Its been stressful, but we have the home to ourselves now, (ok except the semester break between summer and fall)

I think I would have to redefine the question just to approach your numbers ha ha.


----------



## BayArea (Sep 17, 2012)

Hi Decorum -

Remember me?  I tried sending you a PM to connect but it seems I am not able to do so - send me a PM when you get time - all is going well and just wanted to catch up - take care and happy new year!


----------



## Q tip (Apr 15, 2014)

Whittle your list down by 20% and you'll be 100% happy! 

The list was simply too long...


----------



## G.J. (Nov 4, 2014)

Couldn't in a lot of cases be made that both partners get the lower end of the 80/20 though?

Even in the fantasy world of WW/WH


----------



## Mr.Fisty (Nov 4, 2014)

Sometimes you might find more than 80 in another person. I knew a hot wife who left her husband for her new man. She is more fulfilled with him. Her ex-husband help her find him when he pushed her to have sex with other men. She and her new man have been married for the last 5 years, and they are happy raising horses together, which is one of her passion. Her ex husband is a banker. In terms of wealth, she is less off, but more fulfilled living a more simple life. Chances are, there might be aps out there that can fulfill more than just the 20. Some of the requirements might overlap.


----------



## Decorum (Sep 7, 2012)

BayArea said:


> Hi Decorum -
> 
> Remember me?  I tried sending you a PM to connect but it seems I am not able to do so - send me a PM when you get time - all is going well and just wanted to catch up - take care and happy new year!

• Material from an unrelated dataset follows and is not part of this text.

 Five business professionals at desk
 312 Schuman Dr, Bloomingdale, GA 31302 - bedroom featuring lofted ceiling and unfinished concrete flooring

Of course I remember, PM's have been turned on again.

I was attempting a break from TAM (at least for the Holidays) and I shut it off, but I linger on for how much longer IDK but I would always love to hear from you, I will have to send you an email address as well.

PM away!


----------



## Decorum (Sep 7, 2012)

Mr.Fisty said:


> Sometimes you might find more than 80 in another person. I knew a hot wife who left her husband for her new man. She is more fulfilled with him. Her ex-husband help her find him when he pushed her to have sex with other men. She and her new man have been married for the last 5 years, and they are happy raising horses together, which is one of her passion. Her ex husband is a banker. In terms of wealth, she is less off, but more fulfilled living a more simple life. Chances are, there might be aps out there that can fulfill more than just the 20. Some of the requirements might overlap.


Yuck Mr. Fishy,

That has all the hallmarks of a Greek Tragedy, I don't know whether to laugh, cry, or sigh at the happy ending and stroke of justice.

The Old German in whose business I served a Tool and Die apprenticeship many years ago passed onto me a word of advice he received from his father, "Son never lend your bike or your wife to another man, you will not get either back in the same condition they were when you lent them." Words to live by! 

We have trained horses form many years so it is a theme I am fond of. I forgot I even had this thread hanging out there ha ha.


Take care all, Decorum.


----------